This week’s guest blogger – John Farndon studied earth sciences at Cambridge University and has written more than 300 books on science and nature including How the Earth Works, The Wildlife Atlas, The Practical Encyclopedia of Rocks and Minerals, and the forthcoming The Atlas of Oceans. He also writes extensively on the history of ideas and contemporary and environmental issues, penning such books as China Rises, India Booms, Bird Flu and 101 Facts You Should Know about Food. He was the author of the best-sellers Do Not Open, Do You Think You’re Clever? and The World’s Greatest Idea and his books have been translated into most major languages. He has been shortlisted four times for the Royal Society Prize for Science Books, and for the Society of Authors Education Award. He lives in London.
In a fortnight’s time, I’m giving a talk at the Brighton Science Festival about a recent book of mine entitled ‘The World’s Greatest Idea”, which is an exploration of 50 of the great ideas that have shaped the world.
One of the ideas that features is the welfare state, and in researching the topic I was reminded how groundless assumptions can assume the mantle of ‘common sense’ if repeated enough times.
Currently, many governments around the world are wondering how to cut welfare budgets. Generous spending on welfare is not only unaffordable in these hard economic times, it is argued; it is a drag on economies, discouraging people from seeking work. And most people assume this is so.
And yet this ‘common sense’ argument has no actual foundation in reality. Welfare systems have rarely acted as a brake on a country’s economy. In nearly all cases, countries that have introduced a welfare system have experienced dramatic economic growth.

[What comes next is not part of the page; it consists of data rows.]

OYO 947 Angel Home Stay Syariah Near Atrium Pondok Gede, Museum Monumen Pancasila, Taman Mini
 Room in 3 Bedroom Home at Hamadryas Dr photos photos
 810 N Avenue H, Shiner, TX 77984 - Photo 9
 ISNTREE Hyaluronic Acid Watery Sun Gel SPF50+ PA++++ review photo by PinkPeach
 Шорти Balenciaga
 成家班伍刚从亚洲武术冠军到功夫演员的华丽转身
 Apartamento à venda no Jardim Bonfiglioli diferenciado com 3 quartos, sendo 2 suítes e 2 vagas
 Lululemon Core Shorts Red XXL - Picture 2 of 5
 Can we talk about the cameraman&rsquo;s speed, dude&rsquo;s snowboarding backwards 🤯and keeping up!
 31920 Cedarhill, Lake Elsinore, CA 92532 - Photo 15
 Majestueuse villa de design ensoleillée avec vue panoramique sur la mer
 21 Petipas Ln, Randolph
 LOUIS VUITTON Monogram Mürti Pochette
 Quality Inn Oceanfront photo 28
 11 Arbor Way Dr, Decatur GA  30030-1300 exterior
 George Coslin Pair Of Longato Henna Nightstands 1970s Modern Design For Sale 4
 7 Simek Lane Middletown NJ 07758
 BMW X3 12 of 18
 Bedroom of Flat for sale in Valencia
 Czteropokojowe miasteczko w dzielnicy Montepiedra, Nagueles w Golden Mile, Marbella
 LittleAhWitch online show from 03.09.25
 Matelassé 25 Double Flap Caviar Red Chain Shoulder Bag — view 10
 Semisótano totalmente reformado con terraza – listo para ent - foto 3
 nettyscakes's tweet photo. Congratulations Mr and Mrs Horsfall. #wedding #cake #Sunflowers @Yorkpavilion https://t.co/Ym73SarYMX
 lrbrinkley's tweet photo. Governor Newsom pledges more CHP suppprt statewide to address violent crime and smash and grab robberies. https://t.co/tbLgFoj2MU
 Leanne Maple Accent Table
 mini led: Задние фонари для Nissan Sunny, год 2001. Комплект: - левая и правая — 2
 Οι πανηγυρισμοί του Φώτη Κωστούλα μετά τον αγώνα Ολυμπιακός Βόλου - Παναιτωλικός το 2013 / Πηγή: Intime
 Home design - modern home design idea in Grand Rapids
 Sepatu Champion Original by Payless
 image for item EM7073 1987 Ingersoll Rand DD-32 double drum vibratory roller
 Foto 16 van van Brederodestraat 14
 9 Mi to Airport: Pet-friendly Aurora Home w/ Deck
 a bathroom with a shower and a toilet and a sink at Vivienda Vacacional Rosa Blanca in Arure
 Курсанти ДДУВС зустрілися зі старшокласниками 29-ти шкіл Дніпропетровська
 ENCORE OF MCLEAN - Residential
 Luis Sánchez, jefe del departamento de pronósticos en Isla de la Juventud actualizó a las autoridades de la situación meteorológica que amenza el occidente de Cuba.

After Germany introduced its welfare system in the 1880s, its economy grew rapidly – so rapidly that Britain was shocked to find it had an economic rival for the first time, and right on its doorstep. And in the post-war years, Western Europe has experienced a time of unparalleled prosperity. Moreover, the most prosperous countries, such as Sweden and Germany, are those with some of the most generous welfare provision.
Similar myths have been perpetuated in the field of science. Do you, for instance, assume that it is scientifically proven that intelligence declines slowly with age? If so, you’re not alone. For a long while, IQ tests did appear to show that younger people did better than old people, and were taken as gospel proof that intelligence declines with age. Yet a re-examination of the evidence shows that this isn’t so for two reasons.
The first was that the IQ tests which showed young people did better were simply a matter of training. Younger people had had more practice of doing the kind of mental tasks tried in IQ tests than older people. As soon as older people were trained in this kind of thinking, their performance levels shot up.
The second reason is that IQ tests were done against the clock. If the time pressure is removed, older people do just as well as their young counterparts – and it is quite reasonably argued that older people are slower simply because their experience means they have to sift through more possibilities to reach the answer.
In fact, these assumptions about IQ and age went further. Psychologists have been telling us for decades that the one thing that your IQ is fixed and unchangeable through life. If you’re intelligent, we were told, you remain intelligent until age begins to sap it. If you were not, you were not, and that was that. Yet there is little scientific evidence that any of this is so. It is just another ‘common sense’ assumption. And recent scientific research has begun to throw doubt on this.
It is now becoming clear, for instance, that IQ is closely connected to your working memory, the amount of current data you can store in your head at any one time. Recent research by Torkel Klingberg in Sweden showed that the neural systems used in working memory may actually grow in response to training. What’s more children who completed a training course not only did better in the tests given to them by Klingberg but actually found their scores in IQ tests leap by 8 per cent.
Of course, Thomas Kuhn argued that scientists can never divorce their own personal take on their subject, and that science is inevitably bound within the prevailing outlook. So there is always likely to be a time when any assumption is finally shown to be false. But in the meanwhile it definitely pays to be wary of those who would dismiss your questions on the basis of common sense.
As Einstein observed, “Common sense is the collection of prejudices acquired by the age of 18.”